Second, we asked lawmakers to support legislation that encourages palliative care or quality of life, something that has been proven to decrease healthcare costs and improve the quality and length of life in cancer patients. When I met with members of Congress, I explained to them that cancer comes with physical pain, nausea, anxiety and emotional distress. Palliative care involves addressing the needs of the whole patient, not just the disease and, while palliative care does involve things like hospice and end of life care, it doesn’t begin there. Medical professionals make use of palliative care at the beginning of a patient’s diagnosis and continue with it during treatment. Every cancer patient has the right to be free of pain and nausea and to have his/her entire self treated.
I will never forget laying in an MRI scan for over an hour. I was required to lie completely still the entire time, but all I did was worry and cry. I knew that the radiologist was looking for tumors and I panicked at the thought. I couldn’t stay still and as I sobbed, my entire body shook. Because I was moving so much, we had to repeat the procedure the following week. This time, the nurse offered to give me something to calm down and rest before the procedure began. Repeating the procedure unnecessarily cost both me and the hospital more money. Had someone addressed my emotional needs the first time, it not only would have saved money, it would have helped my anxiety and saved time. That is palliative care. Yes, we need to treat the cancer, but we also need to consider every other aspect of a cancer patient’s experience.
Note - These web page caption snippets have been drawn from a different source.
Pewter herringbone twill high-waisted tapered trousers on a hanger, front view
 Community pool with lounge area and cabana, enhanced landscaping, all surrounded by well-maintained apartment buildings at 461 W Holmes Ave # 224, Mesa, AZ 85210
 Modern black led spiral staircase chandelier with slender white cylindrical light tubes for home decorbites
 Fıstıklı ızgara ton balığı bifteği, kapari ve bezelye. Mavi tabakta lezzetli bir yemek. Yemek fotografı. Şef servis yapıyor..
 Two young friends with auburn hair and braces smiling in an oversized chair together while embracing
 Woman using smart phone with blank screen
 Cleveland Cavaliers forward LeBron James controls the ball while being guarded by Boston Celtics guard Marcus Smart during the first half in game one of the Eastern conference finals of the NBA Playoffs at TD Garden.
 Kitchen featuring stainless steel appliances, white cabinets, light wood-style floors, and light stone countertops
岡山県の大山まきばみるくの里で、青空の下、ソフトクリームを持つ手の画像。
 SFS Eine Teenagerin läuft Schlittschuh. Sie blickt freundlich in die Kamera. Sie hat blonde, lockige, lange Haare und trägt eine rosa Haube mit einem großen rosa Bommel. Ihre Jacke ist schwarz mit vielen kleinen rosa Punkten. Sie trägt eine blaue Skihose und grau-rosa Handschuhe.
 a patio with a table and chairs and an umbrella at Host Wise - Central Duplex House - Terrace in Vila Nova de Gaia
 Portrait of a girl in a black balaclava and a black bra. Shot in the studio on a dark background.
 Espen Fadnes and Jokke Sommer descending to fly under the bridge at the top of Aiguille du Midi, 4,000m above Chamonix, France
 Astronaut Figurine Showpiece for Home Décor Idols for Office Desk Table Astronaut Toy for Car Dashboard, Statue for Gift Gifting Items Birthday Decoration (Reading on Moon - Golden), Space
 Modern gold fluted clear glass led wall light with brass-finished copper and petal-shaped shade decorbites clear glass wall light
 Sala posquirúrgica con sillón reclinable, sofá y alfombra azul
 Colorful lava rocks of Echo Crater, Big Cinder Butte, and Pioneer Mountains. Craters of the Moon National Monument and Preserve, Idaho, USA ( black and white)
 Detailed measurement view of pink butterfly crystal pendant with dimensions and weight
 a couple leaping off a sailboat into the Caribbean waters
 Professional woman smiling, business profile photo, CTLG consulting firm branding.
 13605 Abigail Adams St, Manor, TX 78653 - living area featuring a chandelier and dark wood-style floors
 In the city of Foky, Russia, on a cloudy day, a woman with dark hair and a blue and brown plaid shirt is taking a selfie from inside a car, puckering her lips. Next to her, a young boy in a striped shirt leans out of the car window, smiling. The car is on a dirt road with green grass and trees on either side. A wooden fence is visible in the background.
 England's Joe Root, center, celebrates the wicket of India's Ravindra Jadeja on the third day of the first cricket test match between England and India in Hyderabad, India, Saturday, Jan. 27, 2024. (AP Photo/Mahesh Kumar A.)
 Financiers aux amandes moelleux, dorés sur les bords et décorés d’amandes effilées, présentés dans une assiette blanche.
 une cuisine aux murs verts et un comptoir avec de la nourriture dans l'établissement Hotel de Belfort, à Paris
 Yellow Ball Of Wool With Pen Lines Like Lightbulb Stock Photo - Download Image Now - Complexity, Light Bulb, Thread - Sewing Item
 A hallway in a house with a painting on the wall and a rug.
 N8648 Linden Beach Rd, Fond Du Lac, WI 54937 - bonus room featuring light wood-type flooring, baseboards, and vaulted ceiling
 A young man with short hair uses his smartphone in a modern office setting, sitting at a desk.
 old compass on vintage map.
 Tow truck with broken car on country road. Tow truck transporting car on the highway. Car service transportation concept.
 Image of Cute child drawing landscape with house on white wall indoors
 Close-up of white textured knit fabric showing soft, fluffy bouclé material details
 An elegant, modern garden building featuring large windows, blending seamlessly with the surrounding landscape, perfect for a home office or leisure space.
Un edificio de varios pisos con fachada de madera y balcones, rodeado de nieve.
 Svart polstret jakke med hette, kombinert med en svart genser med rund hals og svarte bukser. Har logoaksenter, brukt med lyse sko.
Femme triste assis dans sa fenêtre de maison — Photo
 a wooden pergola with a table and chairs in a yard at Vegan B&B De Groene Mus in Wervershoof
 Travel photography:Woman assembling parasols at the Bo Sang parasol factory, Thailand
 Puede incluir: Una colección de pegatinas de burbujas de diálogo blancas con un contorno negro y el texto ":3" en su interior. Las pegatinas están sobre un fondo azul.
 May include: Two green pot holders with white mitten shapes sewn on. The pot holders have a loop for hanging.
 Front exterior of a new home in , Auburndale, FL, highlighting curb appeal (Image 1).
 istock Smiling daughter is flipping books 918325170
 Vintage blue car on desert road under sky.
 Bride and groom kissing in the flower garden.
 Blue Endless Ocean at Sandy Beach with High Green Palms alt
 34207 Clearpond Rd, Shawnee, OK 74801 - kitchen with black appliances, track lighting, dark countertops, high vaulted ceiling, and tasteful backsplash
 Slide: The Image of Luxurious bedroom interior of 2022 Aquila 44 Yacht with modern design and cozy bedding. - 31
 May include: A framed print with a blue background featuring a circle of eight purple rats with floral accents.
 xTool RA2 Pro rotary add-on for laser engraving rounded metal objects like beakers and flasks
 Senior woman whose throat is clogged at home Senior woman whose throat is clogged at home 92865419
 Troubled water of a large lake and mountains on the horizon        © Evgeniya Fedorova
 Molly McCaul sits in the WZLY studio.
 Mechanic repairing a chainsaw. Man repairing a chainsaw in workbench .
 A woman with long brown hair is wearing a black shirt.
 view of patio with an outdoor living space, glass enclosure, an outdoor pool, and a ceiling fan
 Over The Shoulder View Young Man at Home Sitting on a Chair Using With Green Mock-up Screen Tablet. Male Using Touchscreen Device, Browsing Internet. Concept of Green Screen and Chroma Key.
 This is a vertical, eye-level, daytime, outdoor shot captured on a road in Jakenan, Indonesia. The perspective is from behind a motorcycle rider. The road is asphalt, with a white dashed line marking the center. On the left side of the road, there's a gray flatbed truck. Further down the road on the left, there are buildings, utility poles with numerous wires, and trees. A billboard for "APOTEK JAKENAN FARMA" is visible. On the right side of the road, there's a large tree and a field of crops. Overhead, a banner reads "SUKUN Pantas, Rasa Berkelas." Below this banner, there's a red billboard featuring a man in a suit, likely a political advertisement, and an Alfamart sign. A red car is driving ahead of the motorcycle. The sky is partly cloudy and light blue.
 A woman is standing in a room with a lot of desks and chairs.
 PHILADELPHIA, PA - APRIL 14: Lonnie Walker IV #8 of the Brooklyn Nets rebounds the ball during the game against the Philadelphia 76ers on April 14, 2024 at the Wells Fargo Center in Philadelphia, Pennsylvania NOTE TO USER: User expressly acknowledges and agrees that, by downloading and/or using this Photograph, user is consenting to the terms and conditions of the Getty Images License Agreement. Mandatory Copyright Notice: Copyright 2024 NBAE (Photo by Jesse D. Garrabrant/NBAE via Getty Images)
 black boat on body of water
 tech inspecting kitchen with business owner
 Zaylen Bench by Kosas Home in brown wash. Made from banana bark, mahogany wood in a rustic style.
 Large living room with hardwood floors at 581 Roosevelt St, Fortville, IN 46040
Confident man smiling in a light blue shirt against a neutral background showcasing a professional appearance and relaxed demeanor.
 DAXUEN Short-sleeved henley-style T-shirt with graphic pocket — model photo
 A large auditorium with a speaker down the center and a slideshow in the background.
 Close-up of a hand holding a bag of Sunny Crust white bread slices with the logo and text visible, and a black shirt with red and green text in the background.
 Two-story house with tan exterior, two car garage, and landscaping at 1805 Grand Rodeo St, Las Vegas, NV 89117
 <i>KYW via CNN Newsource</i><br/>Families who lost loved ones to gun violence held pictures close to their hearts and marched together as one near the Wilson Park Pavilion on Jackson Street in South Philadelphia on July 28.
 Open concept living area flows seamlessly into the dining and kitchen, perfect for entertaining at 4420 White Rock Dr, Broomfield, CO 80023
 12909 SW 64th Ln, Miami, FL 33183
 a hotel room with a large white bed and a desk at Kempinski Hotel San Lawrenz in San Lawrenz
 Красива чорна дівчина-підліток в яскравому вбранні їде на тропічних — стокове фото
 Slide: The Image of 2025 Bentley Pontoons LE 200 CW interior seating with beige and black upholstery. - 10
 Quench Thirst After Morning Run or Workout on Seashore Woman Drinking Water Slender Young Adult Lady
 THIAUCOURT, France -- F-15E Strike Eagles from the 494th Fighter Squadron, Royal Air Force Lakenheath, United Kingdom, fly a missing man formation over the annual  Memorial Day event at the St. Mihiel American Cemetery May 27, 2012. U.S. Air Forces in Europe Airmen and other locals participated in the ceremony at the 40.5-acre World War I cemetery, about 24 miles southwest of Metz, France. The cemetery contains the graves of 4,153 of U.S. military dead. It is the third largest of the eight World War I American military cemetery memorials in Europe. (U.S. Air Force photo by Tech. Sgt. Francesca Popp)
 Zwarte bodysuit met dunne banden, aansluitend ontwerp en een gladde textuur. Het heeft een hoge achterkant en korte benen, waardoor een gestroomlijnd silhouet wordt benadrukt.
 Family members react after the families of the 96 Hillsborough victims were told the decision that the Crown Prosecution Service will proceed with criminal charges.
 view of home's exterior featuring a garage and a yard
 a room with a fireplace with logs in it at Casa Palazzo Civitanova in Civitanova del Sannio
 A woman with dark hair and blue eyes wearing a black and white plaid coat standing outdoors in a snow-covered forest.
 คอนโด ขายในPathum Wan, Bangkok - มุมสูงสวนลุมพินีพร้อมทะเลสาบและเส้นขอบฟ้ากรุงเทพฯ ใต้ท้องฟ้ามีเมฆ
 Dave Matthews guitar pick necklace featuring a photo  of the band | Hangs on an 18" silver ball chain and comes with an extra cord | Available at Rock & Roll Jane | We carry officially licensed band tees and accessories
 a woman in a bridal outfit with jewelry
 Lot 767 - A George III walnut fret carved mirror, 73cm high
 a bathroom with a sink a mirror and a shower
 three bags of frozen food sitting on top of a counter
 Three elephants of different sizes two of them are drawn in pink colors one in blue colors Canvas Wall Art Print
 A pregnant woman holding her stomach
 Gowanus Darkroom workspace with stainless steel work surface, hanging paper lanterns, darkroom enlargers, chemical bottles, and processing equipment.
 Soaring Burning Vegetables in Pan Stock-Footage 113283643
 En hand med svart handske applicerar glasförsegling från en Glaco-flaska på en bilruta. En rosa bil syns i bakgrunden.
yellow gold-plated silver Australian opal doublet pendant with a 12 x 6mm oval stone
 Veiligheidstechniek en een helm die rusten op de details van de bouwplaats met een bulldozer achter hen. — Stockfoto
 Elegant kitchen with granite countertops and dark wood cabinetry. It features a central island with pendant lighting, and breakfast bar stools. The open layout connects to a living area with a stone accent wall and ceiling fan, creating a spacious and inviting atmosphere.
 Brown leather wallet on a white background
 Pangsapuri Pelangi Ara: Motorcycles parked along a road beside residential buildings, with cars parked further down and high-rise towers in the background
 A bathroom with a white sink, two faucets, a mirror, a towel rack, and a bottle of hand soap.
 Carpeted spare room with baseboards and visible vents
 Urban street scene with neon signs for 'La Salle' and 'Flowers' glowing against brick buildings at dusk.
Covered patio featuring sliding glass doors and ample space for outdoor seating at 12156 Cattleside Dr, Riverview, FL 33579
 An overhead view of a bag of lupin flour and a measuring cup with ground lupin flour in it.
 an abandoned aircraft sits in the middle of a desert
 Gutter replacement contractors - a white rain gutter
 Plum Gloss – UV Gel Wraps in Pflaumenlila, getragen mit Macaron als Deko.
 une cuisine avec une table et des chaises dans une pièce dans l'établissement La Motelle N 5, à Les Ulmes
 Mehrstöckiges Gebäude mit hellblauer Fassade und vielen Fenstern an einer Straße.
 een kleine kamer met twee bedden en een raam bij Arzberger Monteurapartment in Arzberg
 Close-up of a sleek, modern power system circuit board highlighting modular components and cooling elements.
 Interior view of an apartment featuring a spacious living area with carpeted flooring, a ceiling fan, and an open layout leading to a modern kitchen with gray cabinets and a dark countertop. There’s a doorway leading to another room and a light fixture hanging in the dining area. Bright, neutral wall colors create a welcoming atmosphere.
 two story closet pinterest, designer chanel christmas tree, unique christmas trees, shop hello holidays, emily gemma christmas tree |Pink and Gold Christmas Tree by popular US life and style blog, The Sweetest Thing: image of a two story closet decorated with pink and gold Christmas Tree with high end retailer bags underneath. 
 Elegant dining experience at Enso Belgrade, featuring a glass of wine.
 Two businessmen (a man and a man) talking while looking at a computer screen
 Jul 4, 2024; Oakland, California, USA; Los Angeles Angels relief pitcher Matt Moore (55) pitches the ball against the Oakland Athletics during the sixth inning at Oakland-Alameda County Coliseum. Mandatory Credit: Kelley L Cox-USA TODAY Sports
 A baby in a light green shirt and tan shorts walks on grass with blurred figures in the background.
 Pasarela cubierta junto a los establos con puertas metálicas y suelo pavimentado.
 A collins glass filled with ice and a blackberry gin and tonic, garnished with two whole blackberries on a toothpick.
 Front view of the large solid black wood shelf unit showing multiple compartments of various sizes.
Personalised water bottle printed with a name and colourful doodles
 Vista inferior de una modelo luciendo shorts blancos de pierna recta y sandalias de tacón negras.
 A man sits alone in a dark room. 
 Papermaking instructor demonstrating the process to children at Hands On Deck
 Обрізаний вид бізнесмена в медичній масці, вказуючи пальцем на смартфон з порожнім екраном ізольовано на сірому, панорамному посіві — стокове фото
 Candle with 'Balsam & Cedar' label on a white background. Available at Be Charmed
Finally, we requested that Congress increase the federal cigarette tax by 94 cents. An increase in the federal cigarette tax has been proven to deter youth from smoking and decrease healthcare costs. I recently learned that for every pack of cigarettes a smoker purchases, it adds $10.47 to the United States economy. Nothing, and I mean absolutely nothing, good comes from smoking a cigarette or using any type of tobacco product.
It isn’t just research that is going to help find cures for people like me. It is also the public policies that allow for the implementation and funding of that research. Know what’s happening in your community. Demand that your lawmakers at the local, state and federal levels are paying attention to their constituents, people that are affected by this disease every single day. Let’s hold them accountable. I know I will.